## Assignment
The lines in the listing below are to be given again exactly, starting at the line holding "FINPAC Pencil Case, Corduroy" and ending at the line holding "Gucci Calfskin Pearl". Do not include pictures.

## Material provided
»»
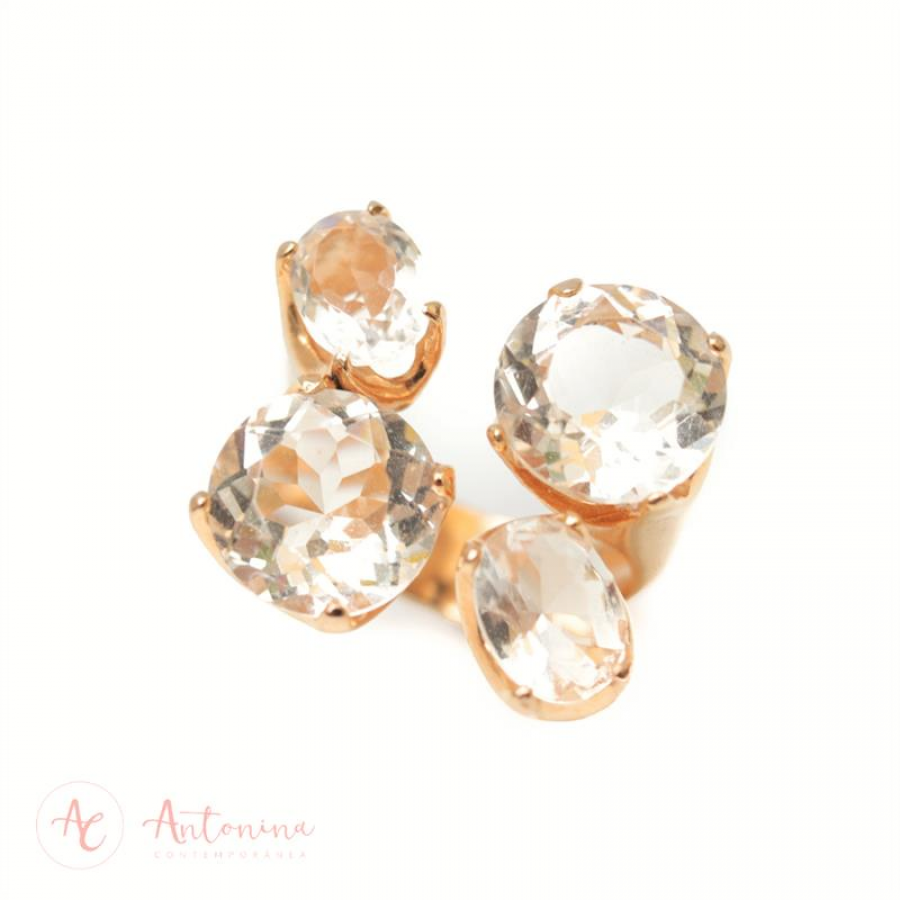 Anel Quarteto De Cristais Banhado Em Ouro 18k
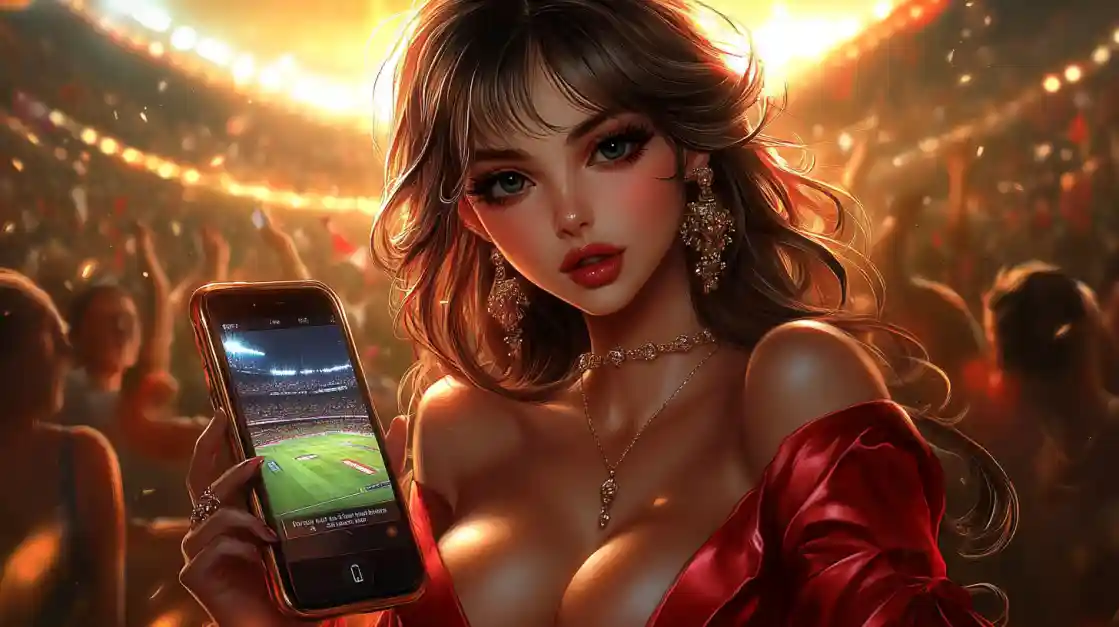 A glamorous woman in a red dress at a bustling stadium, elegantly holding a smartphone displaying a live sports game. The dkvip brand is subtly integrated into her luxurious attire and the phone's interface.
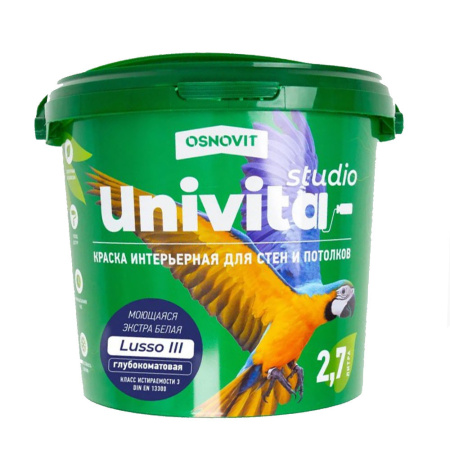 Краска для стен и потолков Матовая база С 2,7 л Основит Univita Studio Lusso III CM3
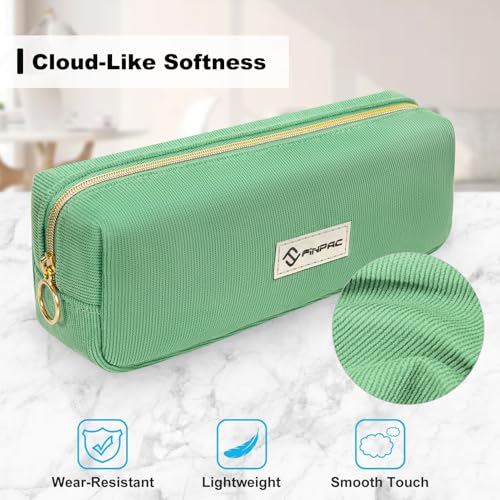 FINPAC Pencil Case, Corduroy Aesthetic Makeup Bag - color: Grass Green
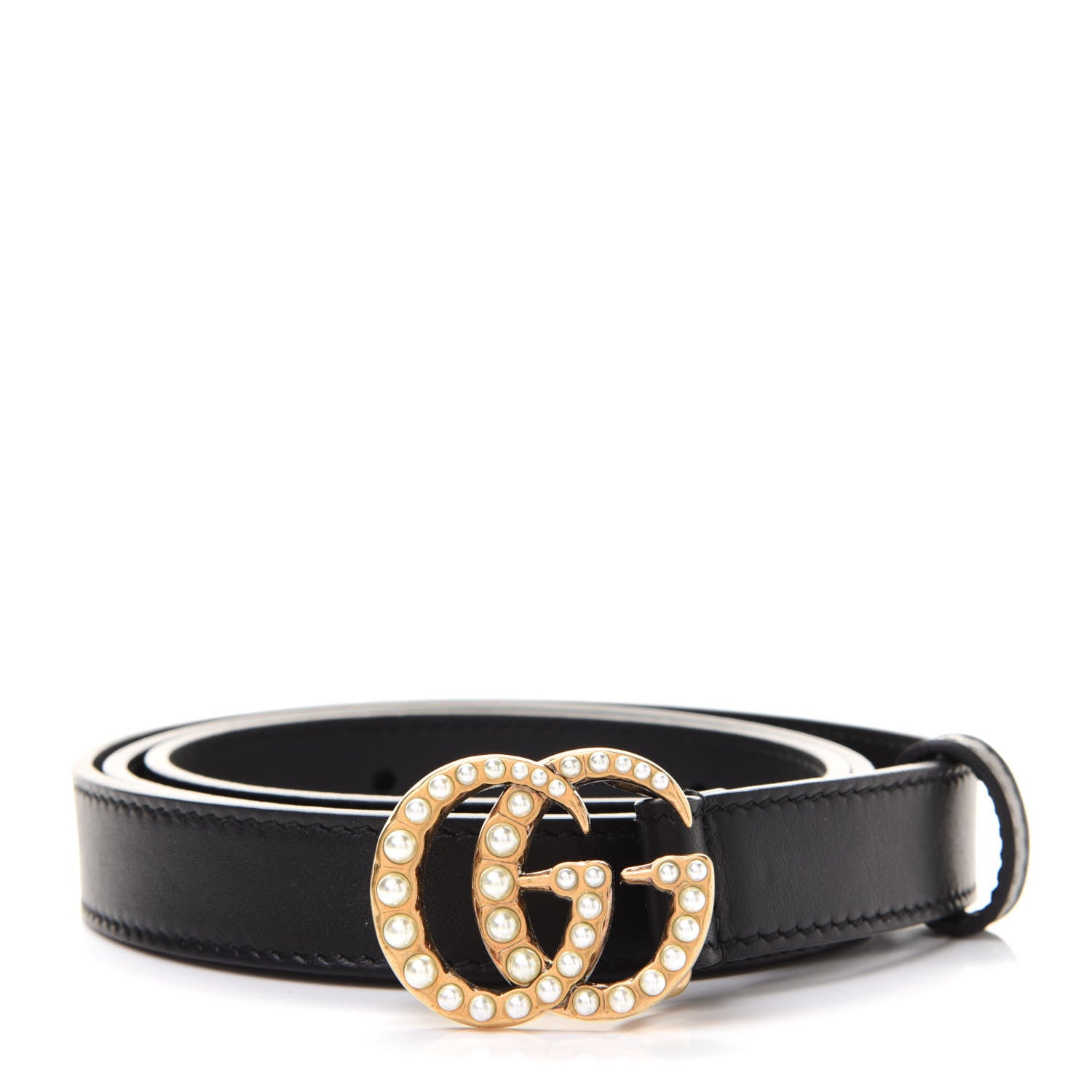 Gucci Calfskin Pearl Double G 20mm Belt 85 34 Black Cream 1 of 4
««
»»
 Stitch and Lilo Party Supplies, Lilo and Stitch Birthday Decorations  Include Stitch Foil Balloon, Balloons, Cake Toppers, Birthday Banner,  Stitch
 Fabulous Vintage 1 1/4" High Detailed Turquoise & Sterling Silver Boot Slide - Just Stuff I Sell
««
## Task result
 FINPAC Pencil Case, Corduroy Aesthetic Makeup Bag - color: Grass Green
 Gucci Calfskin Pearl Double G 20mm Belt 85 34 Black Cream 1 of 4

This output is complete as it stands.